Want Ik zal dezelve en de plaatsen rondom Mijn heuvel stellen tot een zegen; en Ik zal de plasregen doen nederdalen op zijn tijd, plasregens van zegen zullen er zijn. Ezechiël 34:26 Verder lezen: Psalm 67
De bedoeling van God om voor alle werelden een volk te verkiezen, was niet alleen om dat volk te behouden, maar ook om door hen belangrijke zegeningen op het menselijke geslacht te laten neerdalen. Toen Hij Abraham verkoos, verkoos Hij hem niet enkel om de vriend van God te zijn en de ontvanger van bijzondere voorrechten; maar Hij verkoos hem als het ware om de bewaarder van de waarheid te zijn. Abraham moest de ark zijn waarin de waarheid zou worden verborgen. Hij moest de bewaarder van het verbond zijn ten behoeve van de hele wereld. Als God door Zijn soevereine, verkiezende genade een mens verkiest en hem het eigendom van Christus maakt, doet Hij dit niet alleen voor zijn eigen belang, opdat zo iemand behouden mag worden, maar ook voor het belang van de wereld. Want weet je niet dat ‘jij het licht der wereld’ bent? ‘Een stad op een berg kan niet verborgen zijn.’ ‘Je bent het zout der aarde’, en als God je zout maakt is dat niet alleen omdat je zout in jezelf hebt, maar opdat je net als zout het geheel zult bewaren. Als Hij je tot een zuurdeeg maakt, is dat opdat je met het weinige zuurdeeg de hele deegklomp zult doorzuren. De zaligheid is niet iets zelfzuchtigs. God geeft haar niet om haar voor onszelf te houden, maar opdat we daardoor voor anderen het middel van redding worden gemaakt. De grote dag zal duidelijk maken dat er geen mens op aarde leeft of hij heeft door Gods gave van het evangelie op de een of ander manier een zegen ontvangen. Alleen al het in leven houden van de goddeloze mensen en het geven van uitstel werd met de dood van Jezus gekocht. Door Zijn lijden en dood worden ons de tijdelijke zegeningen die zowel wij als zij genieten verleend.

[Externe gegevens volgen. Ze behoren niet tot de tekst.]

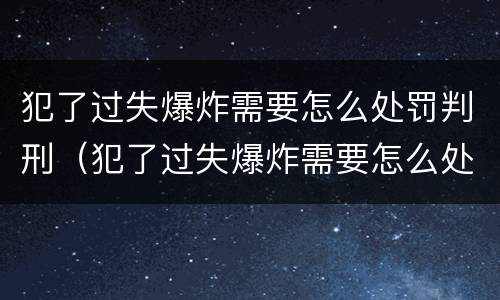 犯了过失爆炸需要怎么处罚判刑（犯了过失爆炸需要怎么处罚判刑的人）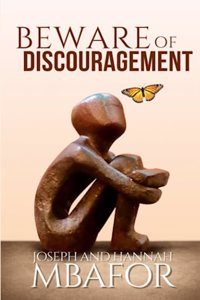 Beware of discouragement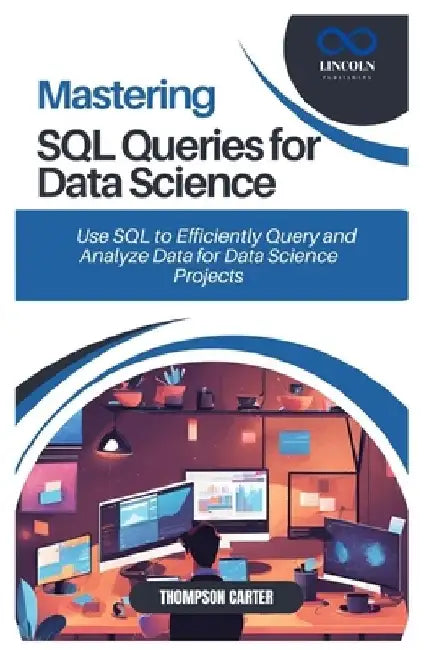 Mastering SQL Queries for Data Science: Use SQL to Efficiently Query and Analyze Data for Data Science Projects by Thompson Carter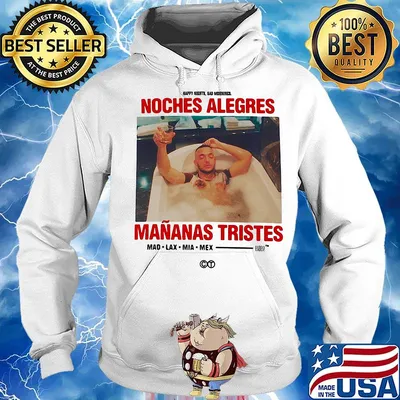 Noches alegres mananas tristes mad lax mia mex s Hoodie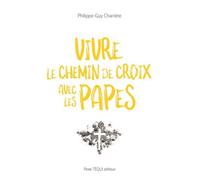 Vivre le Chemin de Croix avec les Papes - Philippe-Guy Charrière - Tequi - broché - Essai
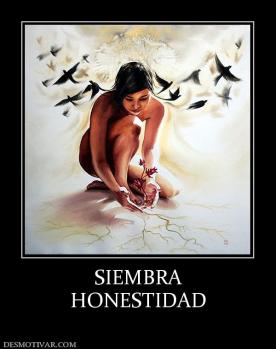SIEMBRA HONESTIDAD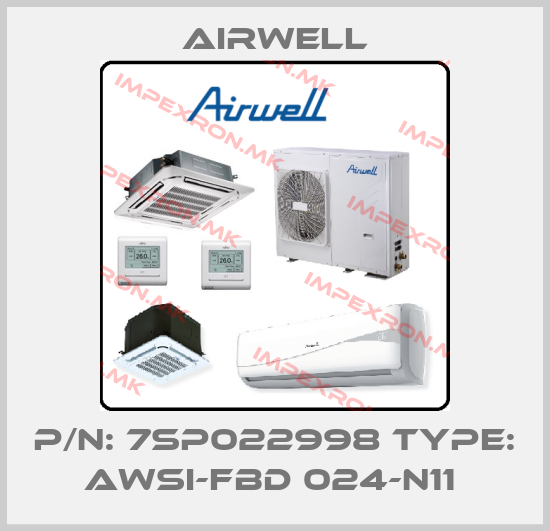 Airwell-P/N: 7SP022998 Type: AWSI-FBD 024-N11 price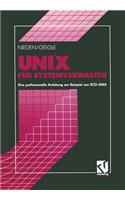 UNIX Für Systemverwalter: Eine Professionelle Anleitung Am Beispiel Von SCO UNIX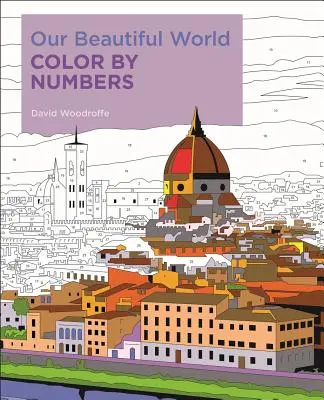 Notre beau monde en chiffres - Our Beautiful World Color by Numbers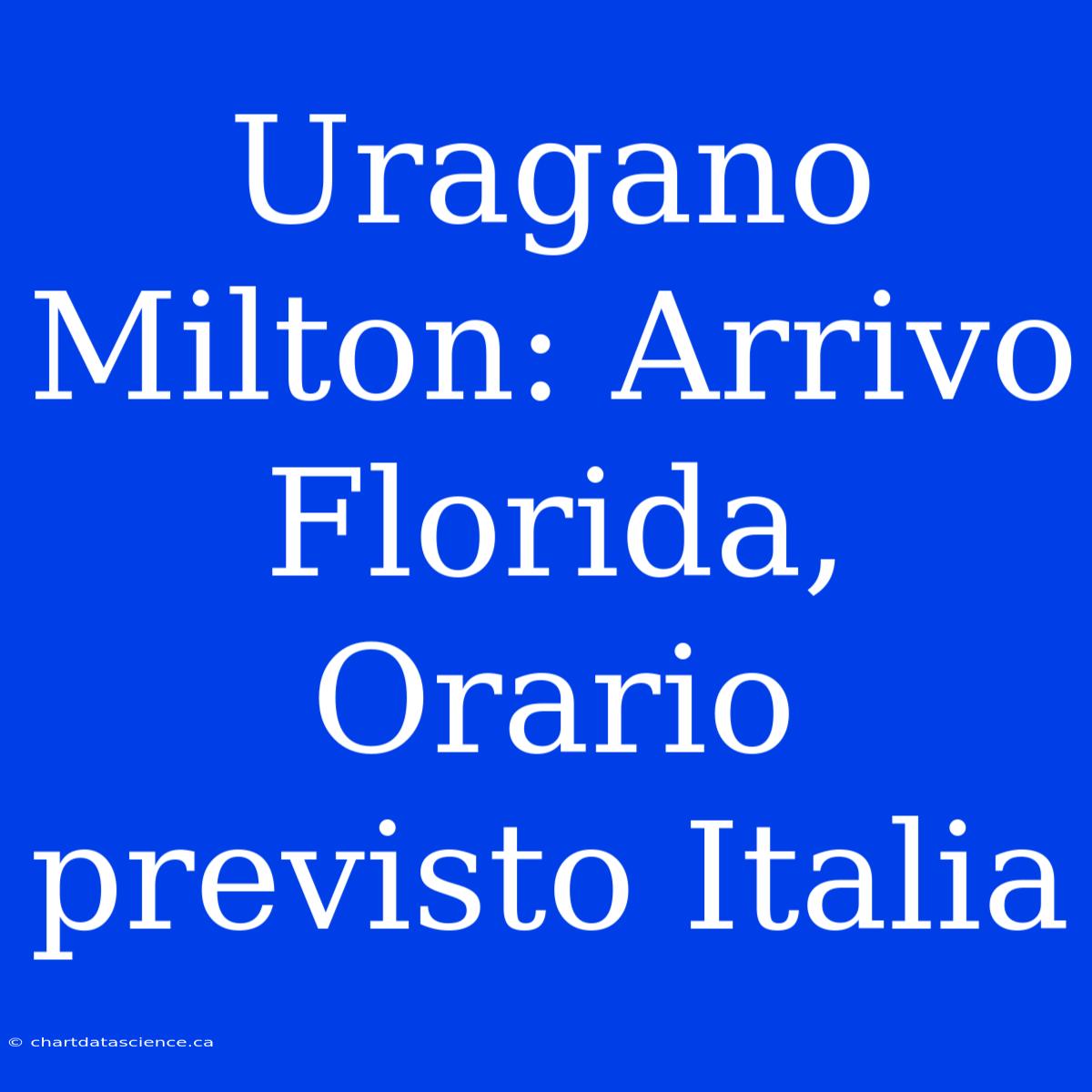 Uragano Milton: Arrivo Florida, Orario Previsto Italia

Het evangelie werd gezonden opdat het eerst hen zou zegenen die het omarmen, en opdat het vervolgens zou uitbreiden zodat het een zegen voor de hele mensheid zou worden.
Ter overdenking
God hield Zijn belofte aan Abraham (Gen. 12:2 en 3). Heeft God u gezegend? Op welke manieren geeft u de zegeningen door aan anderen?